Perhaps the most difficult aspect of the project was reminding health care workers to wash their hands or correctly comply with some other infection control measure when they were observed out of compliance. Though the nurse deputies quickly became comfortable in doing so with their peers, some had trouble correcting physicians, Eagan notes.

"They were uncomfortable with it in the beginning, and so we did some role-playing," she says. "I told them if they had a lot of problems with it and didn’t feel comfortable that they should come to me and that I would make the correction or go on rounds with them. But within a week, everyone was fine. I think they just needed to see what the response was. In the end, after a very short time, they were able to correct physicians, nurses, whomever they had to."

The response was favorable, partly because the health care workers at the cancer center are well aware they are treating an immune-suppressed patient population that is clearly vulnerable to nosocomial infections, she notes.

"People just want to do the right thing, which is very impressive to me," she says.

"We had a Joint Commission [accreditation survey] a month after this finished, and they actually commented that they didn’t see one infraction of infection control.

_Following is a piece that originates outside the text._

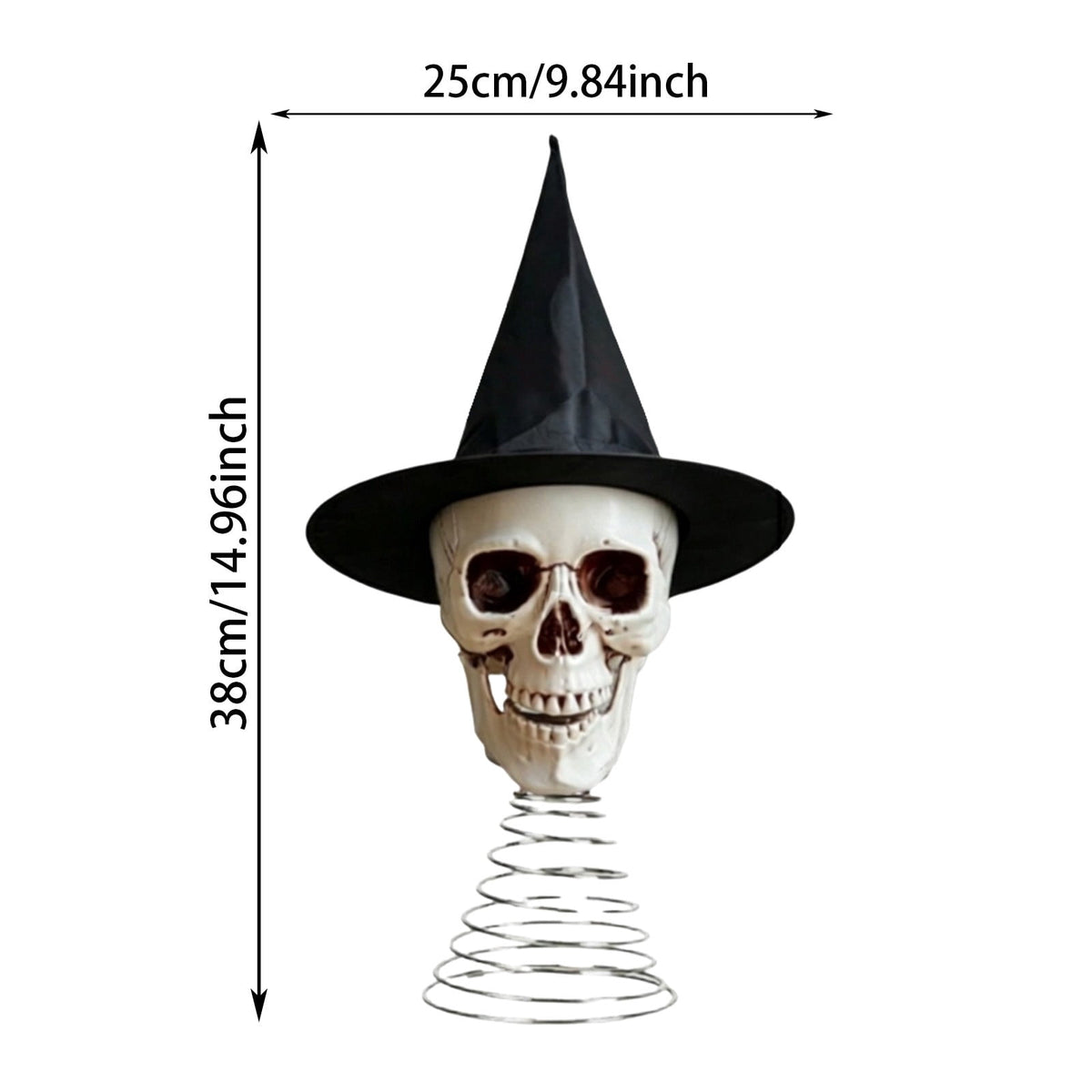 Haunt & Co 2 PCS Halloween Skull Ghost Miniature Tree Topper 9.84x 14.96 Inch, Spooky Skeleton Head with Witch Hat Ornament, Mini Christmas Tree Decor for Home Halloween Party DIY, Garden Lawn Party Decoration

So we started with good compliance and I think we wound up even better."

The project was funded in a novel way, as Eagan convinced administration to let her use some of the funding from one unfilled full-time nursing slot and divide it among the nurse observers on an hourly wage basis.

"We used the funding from that position to pay per diem rate salaries to the clinical instructors and supervisors, so in other words we used eight people for one FTE," Eagan says.

"They each got a little bit of extra money on a per diem rate, and we got the end results. We had people out there all the time. We had 24-hour-a-day coverage on different units at different times, and we also taught them something that I had hoped subliminally they would continue to do — which they are doing."

Indeed, though the funding is no longer available to formally continue the program, the project seems to have yielded a residual effect because the nurses went through the process and now emphasize infection control in their daily rounds and activities.

"We would like to continue it, but I need to figure out a way to do it for nothing, because now we filled the position so we don’t have monetary reward for it," Eagan says. "I think it is a unique way of using everybody to do infection control, and I certainly think if other people can do it, it’s well worth it."

Such approaches may be one solution to maintaining infection control effectiveness in the face of staffing cutbacks, and Eagan is considering eventually expanding the model to include infection surveillance by nurses on individual units.

"We’re all experiencing the same things. Everybody is getting a little more work to do," she says. "So you don’t want to push this on them, but this sort of very subtly teaches them infection control. And that was always my goal. It’s not just the ICPs; it’s got to be everybody having the same knowledge and knowing the right way to do things. As facilities get downsized, you have to work more with who is out there."

Eagan presented her findings recently in New Orleans in a poster session at the 24th annual conference of the Association for Professionals in Infection Control and Epidemiology.